» **Task to complete**
Write out the entries exactly, leaving out every picture.

Saved data entries:
##############################

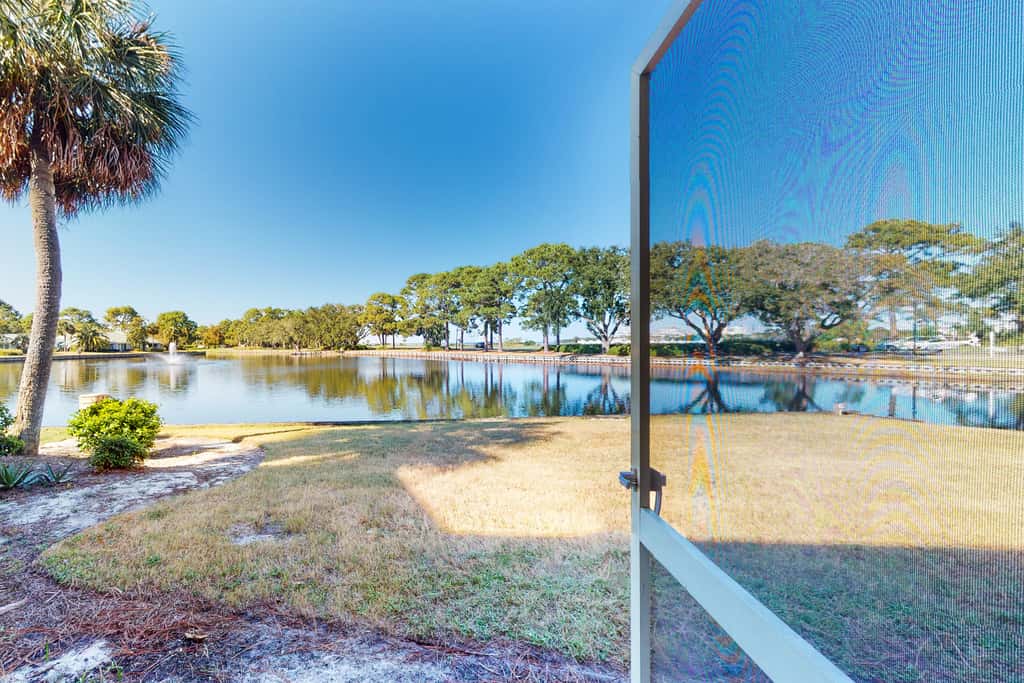 Waterfront townhome with pools, tennis & beach access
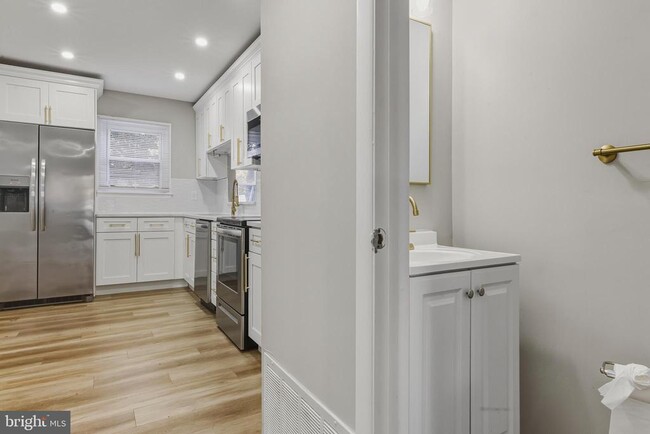 Building Photo - 18 Madison St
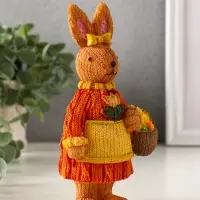 Сувенир полистоун "Зайка в вязанном платье с корзиной яиц" 5,5х8,2х16 см
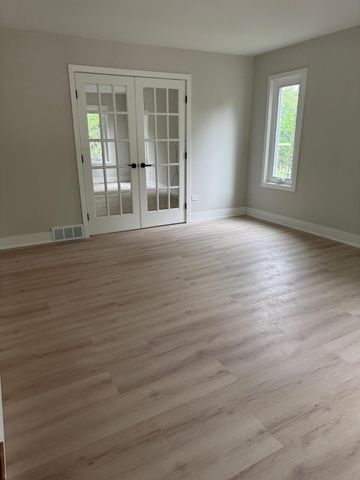 9759 Crimson Tree Lane, Munster, IN 46321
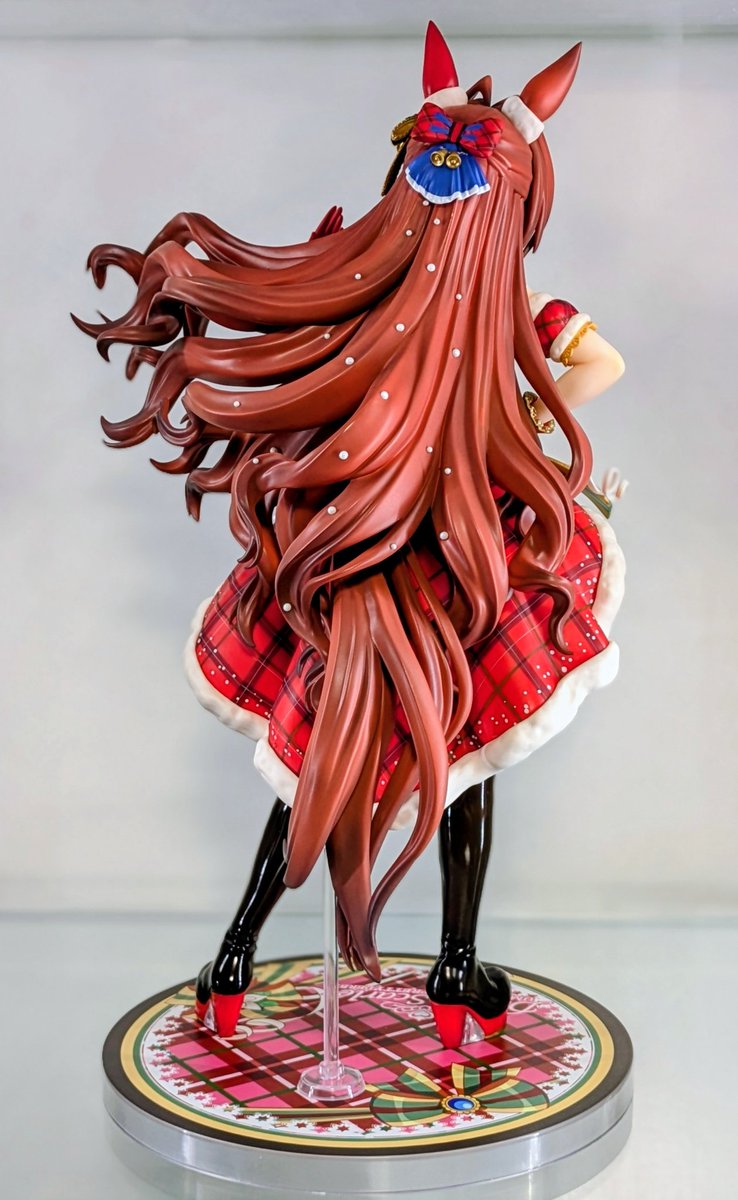 ファット・カンパニーの 1/7 ダイワスカーレット (クリスマスver)が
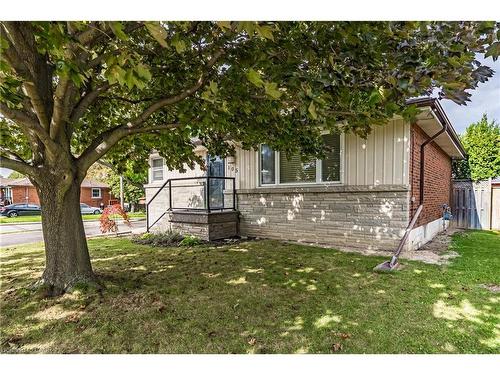 105 Mcelroy Road E, Hamilton, ON - Outdoor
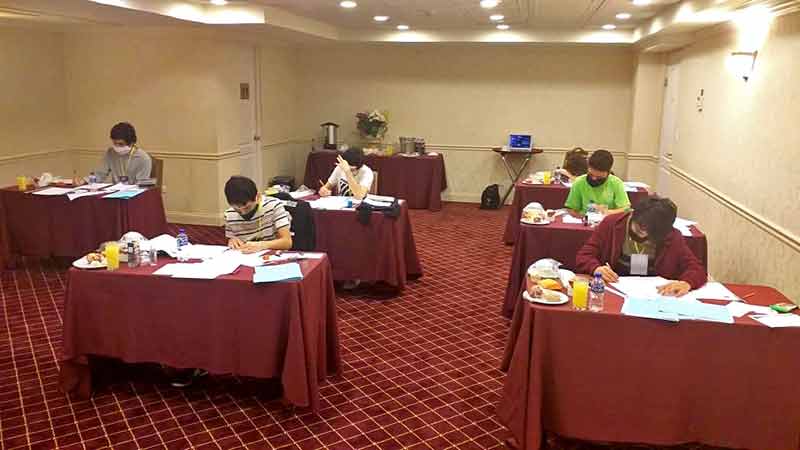 Alumnos durante el examen de la Olimpiada Mexicana de Matemáticas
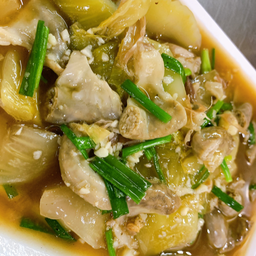 เกี๊ยมฉ่ายผัดไส้อ่อน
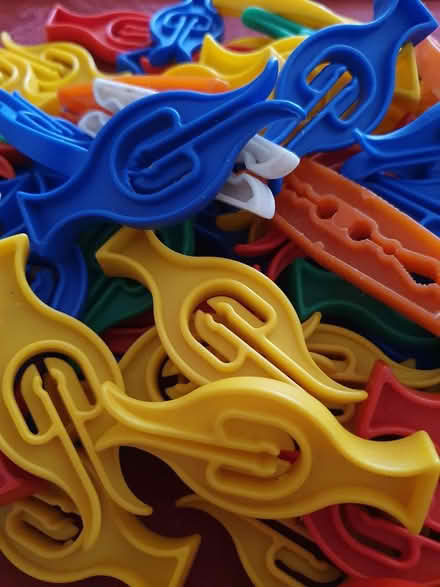 Photo of free Peg bag and pegs (Arnold NG5) #2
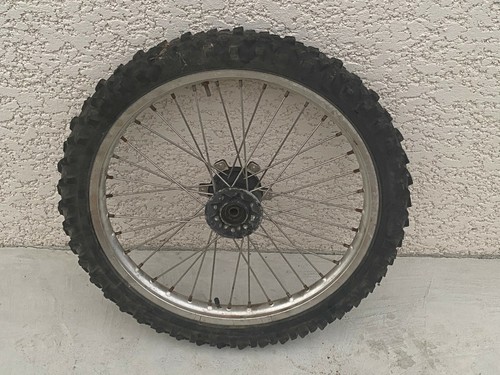 Une jante roue avant - roue, enduro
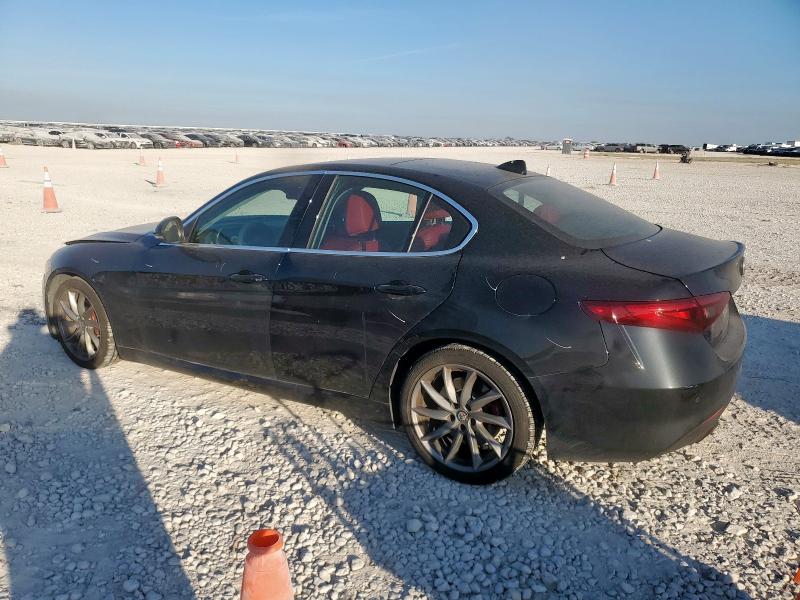 ZARFAEBN0H7556475 - 2017 ALFA ROMEO GIULIA Սև լուսանկար 2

##############################

» **Answer box**
 Waterfront townhome with pools, tennis & beach access
 Building Photo - 18 Madison St
 Сувенир полистоун "Зайка в вязанном платье с корзиной яиц" 5,5х8,2х16 см
 9759 Crimson Tree Lane, Munster, IN 46321
 ファット・カンパニーの 1/7 ダイワスカーレット (クリスマスver)が
 105 Mcelroy Road E, Hamilton, ON - Outdoor
 Alumnos durante el examen de la Olimpiada Mexicana de Matemáticas
 เกี๊ยมฉ่ายผัดไส้อ่อน
 Photo of free Peg bag and pegs (Arnold NG5) #2
 Une jante roue avant - roue, enduro
 ZARFAEBN0H7556475 - 2017 ALFA ROMEO GIULIA Սև լուսանկար 2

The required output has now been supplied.